Atour (ATAT) Q3 2025 earnings review
Retail Juggernaut Powers Growth, but Margin Pressure and Soft Hotel Metrics Raise Questions
Atour delivered strong Q3 results, with revenue growth accelerating to 38.4% YoY. The growth was overwhelmingly driven by the booming Retail segment (+76.4%), which now accounts for nearly a third of total revenue. This strength led management to raise its full-year revenue growth guidance for the third consecutive quarter, now to 35%. However, profitability growth decelerated, with Net Income up 24.6% YoY (vs. ~40% in Q2), as heavy marketing spend for the retail business compressed operating margins. The core Hotel business remains a point of concern; its key performance metric, RevPAR, is still down 2.2% YoY, indicating that rapid network expansion is masking underlying softness in same-store performance.
๐ Bull Case
The 'Atour Planet' brand is a massive success, growing revenue 76% YoY and consistently forcing upward revisions to company guidance. This validates the 'scenario-based retail' strategy and diversifies the business model.

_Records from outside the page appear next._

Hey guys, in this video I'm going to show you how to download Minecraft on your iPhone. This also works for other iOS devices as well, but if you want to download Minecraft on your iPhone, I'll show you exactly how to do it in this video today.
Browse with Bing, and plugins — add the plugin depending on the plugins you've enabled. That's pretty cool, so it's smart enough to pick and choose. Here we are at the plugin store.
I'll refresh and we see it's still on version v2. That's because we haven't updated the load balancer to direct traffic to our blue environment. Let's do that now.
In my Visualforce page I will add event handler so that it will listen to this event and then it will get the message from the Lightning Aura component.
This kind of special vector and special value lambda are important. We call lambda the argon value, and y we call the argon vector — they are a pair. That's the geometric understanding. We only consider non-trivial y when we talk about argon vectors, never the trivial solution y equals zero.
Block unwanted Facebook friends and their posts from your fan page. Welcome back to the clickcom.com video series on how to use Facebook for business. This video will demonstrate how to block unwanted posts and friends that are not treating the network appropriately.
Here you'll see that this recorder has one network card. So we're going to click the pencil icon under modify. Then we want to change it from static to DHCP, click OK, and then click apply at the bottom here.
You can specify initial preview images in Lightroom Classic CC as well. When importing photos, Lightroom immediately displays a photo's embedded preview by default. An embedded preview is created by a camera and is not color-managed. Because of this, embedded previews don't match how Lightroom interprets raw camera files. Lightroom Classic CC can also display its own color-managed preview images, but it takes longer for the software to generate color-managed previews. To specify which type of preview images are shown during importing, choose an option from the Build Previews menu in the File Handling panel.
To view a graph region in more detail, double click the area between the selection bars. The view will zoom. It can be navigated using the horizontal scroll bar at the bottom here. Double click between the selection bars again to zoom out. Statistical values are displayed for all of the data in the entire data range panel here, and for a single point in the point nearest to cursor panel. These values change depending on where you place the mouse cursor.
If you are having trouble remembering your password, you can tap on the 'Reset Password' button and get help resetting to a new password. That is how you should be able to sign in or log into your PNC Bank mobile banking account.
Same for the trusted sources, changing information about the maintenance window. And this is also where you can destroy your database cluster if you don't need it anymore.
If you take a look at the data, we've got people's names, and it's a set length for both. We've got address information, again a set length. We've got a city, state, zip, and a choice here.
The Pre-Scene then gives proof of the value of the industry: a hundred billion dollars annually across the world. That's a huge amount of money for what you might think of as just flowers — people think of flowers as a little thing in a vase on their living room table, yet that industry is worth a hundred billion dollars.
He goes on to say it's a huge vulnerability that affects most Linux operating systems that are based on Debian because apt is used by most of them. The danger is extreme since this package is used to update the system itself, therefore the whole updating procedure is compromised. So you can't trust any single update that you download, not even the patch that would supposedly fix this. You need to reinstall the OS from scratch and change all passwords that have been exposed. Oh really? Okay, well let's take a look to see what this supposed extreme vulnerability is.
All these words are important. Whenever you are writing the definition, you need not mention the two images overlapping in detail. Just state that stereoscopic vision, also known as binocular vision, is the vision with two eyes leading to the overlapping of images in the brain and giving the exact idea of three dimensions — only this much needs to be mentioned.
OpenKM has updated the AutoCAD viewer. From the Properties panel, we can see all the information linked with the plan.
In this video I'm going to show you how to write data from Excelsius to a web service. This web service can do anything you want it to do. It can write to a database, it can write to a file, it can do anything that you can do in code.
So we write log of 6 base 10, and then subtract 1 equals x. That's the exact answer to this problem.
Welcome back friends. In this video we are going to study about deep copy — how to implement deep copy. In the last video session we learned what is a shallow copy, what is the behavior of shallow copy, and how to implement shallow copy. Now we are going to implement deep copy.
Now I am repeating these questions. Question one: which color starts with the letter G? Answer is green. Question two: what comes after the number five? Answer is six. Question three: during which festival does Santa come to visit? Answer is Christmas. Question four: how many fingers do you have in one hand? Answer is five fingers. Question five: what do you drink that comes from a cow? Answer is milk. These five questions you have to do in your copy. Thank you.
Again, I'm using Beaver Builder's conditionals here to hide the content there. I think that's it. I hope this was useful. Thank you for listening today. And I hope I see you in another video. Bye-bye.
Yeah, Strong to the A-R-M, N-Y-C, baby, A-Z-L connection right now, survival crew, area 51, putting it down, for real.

Atour is on track to meet its '2,000 Premier Hotels' year-end goal after opening a record 152 hotels in Q3. A strong pipeline of 754 hotels provides clear visibility for future top-line growth from management and franchise fees.
The company announced its second dividend of the year (~$50M) and has an active share repurchase program, signaling strong confidence from management in its ability to generate sustainable free cash flow.
๐ป Bear Case
Profit growth is not keeping pace with revenue growth. Increased selling and marketing expenses, primarily to fuel the retail business, are compressing margins, with S&M costs rising to 13.5% of revenue from 11.5% a year ago.
The hotel business is a laggard. Its key performance indicator, RevPAR (Revenue Per Available Room), is still below 2024 levels. Growth is entirely dependent on opening new hotels, masking negative same-store sales.
โ๏ธ Verdict: ๐ข
Bullish. The retail growth engine is undeniable and is successfully transforming the company's profile, leading to consistent guidance raises that the market will likely reward. However, the costs associated with this growth and the soft underlying performance of the core hotel business are significant watchpoints. The strategy is working, but its long-term profitability model is still being proven.
Key Themes
Retail Business Becomes Primary Growth Engine
The Retail segment is now the company's main growth driver. Q3 revenue surged 76.4% YoY to RMB 846 million, with GMV up 75.5% to RMB 994 million. This segment now constitutes 32% of total company revenue, up from 25% a year ago. The success of its 'Atour Planet' deep sleep products, such as the pillow series which has sold over 8 million units, prompted management to raise the full-year retail revenue growth outlook to at least 65% YoY.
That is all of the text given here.